→ **Task input**
Content starts
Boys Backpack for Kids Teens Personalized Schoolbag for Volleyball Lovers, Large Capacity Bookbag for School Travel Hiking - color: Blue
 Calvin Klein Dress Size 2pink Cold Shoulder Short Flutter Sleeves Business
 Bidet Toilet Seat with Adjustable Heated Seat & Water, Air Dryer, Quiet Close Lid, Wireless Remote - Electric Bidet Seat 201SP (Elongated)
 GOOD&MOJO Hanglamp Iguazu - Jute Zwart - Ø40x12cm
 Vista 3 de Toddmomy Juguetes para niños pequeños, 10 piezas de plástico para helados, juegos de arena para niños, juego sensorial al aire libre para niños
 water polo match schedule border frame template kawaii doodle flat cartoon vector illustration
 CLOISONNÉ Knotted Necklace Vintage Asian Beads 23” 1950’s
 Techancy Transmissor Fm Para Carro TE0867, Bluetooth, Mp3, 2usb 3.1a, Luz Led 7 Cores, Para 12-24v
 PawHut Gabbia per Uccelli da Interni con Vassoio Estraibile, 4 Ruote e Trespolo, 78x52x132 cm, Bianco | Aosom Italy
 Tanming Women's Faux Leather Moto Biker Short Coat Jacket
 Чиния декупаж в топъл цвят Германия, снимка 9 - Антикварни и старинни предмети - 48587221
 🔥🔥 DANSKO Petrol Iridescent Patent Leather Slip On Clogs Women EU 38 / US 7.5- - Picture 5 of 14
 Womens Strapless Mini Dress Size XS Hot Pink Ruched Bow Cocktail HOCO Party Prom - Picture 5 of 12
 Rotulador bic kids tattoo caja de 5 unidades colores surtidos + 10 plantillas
Content ends
→ **Your instructions**
Each line in the entries above, starting at the line with "PawHut Gabbia per" and ending at the line with "Чиния декупаж в", is to be printed exactly, and only those lines.

→ **Answer to this exercise**
 PawHut Gabbia per Uccelli da Interni con Vassoio Estraibile, 4 Ruote e Trespolo, 78x52x132 cm, Bianco | Aosom Italy
 Tanming Women's Faux Leather Moto Biker Short Coat Jacket
 Чиния декупаж в топъл цвят Германия, снимка 9 - Антикварни и старинни предмети - 48587221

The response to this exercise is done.